Friday, July 12, 2013

Number Ninety Three

We especially must love our flaws. But loving the flaw is not living the flaw.  Loving the impulse to hurt isn't the act of hurting. What we do matters.  It is how we love everything outside ourselves. Choosing to be kind -- when everything inside demands cruelty -- is an act of love toward another.  Accepting the desire to be cruel is an act of love toward the self.

Number Ninety Two

Each incarnation requires the soul to struggle with a key flaw -- addiction, shame, fear, hubris, narcissism -- which in fact is a gift. It is the illness we have chosen, the work we have selected to do.  The flaw both drives us to catastrophe, and lights a path toward the learning we came here for.

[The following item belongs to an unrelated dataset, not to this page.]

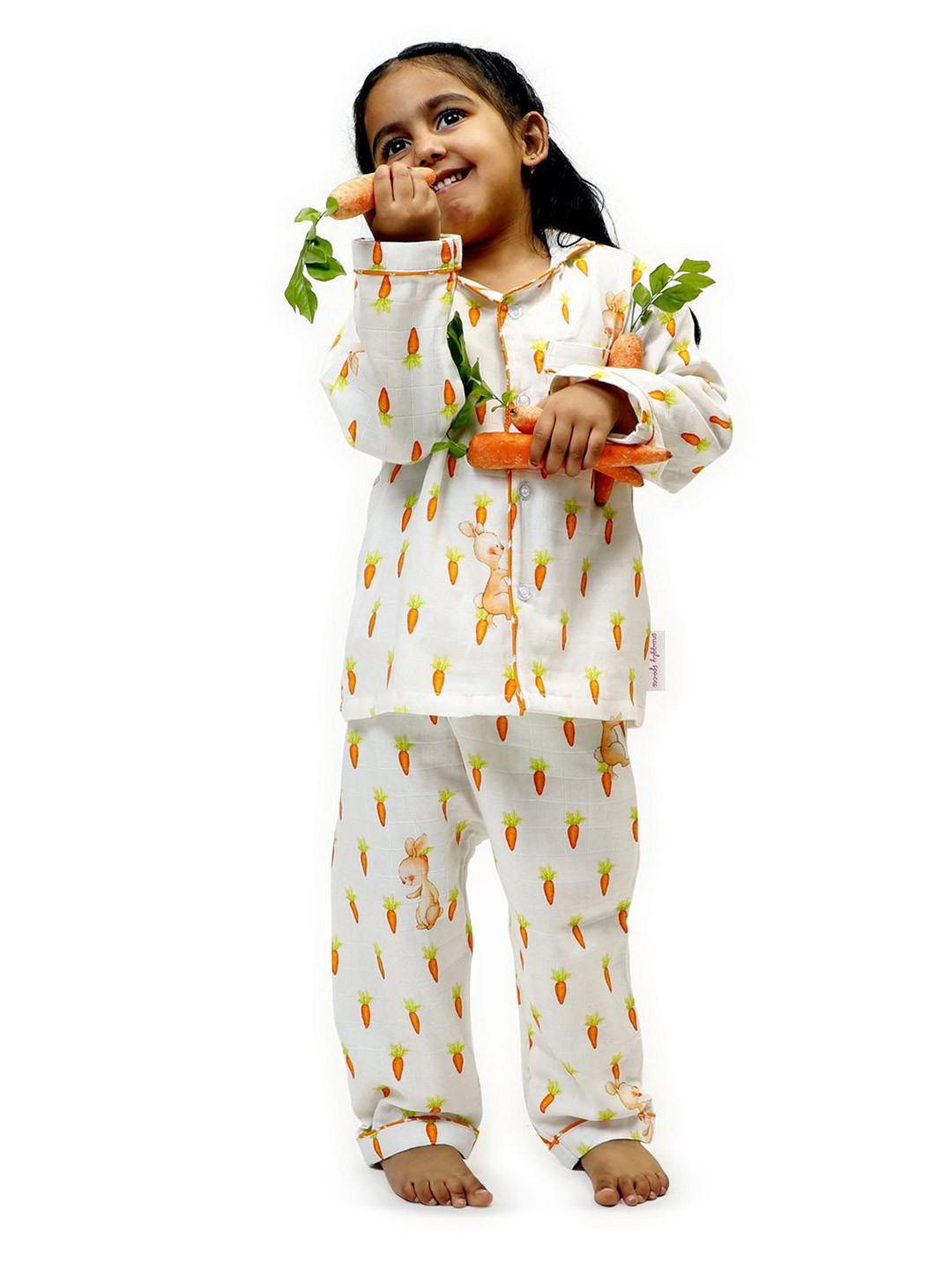 Snuggly Spaces Infants Mr Marshmallow Bunny Printed Full Sleeves Night Suit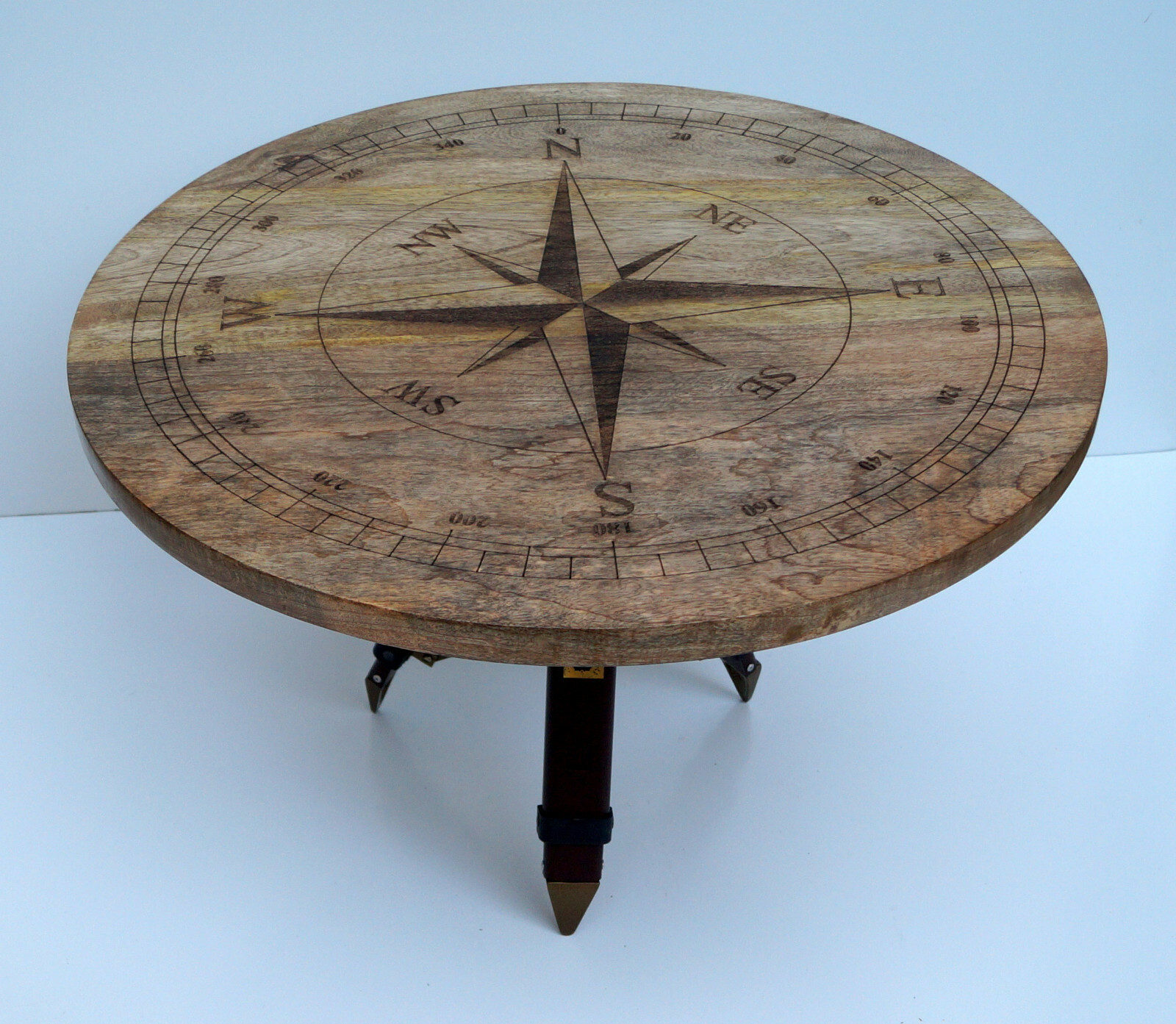 Designer nautical compass style directional wooden coffee table bar & cafe decor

Our virtues, which we celebrate, and weave into our identity, are less important than the flaw.  Our virtues are the toolbox we were given for this struggle.  And it's the struggle that matters above all.

Friday, July 5, 2013

Number Ninety One

The lessons of loss begin early.  A child's favorite toy is left somewhere and never found.  A parent turns angry or disappears, striking at a child's feelings of safety or worth.  Over time the losses mount -- people, places, things that were loved -- sometimes losing even faith or trust or sense of self.

There is nothing we have that can't be taken away.

The lesson of loss is not surrender, not detachment.  It is not to prepare for the worst, not to numb or rid the self of desire.  The lesson of loss is a more perfect form of love; a love that requires nothing, that depends on nothing -- not even the presence of the beloved.

The lesson is to love the essence and not the object.  The object can be lost, changed, eroded by time.  The essence exists always in consciousness -- outside of space and time -- and is the true, immutable core of what and who we love.

Loss leads to a form of love that is unchanged by fading beauty or scars of time; a love that is unchanged even by destruction, by absence or death. Loss teaches how, eternally, we hold the beloved.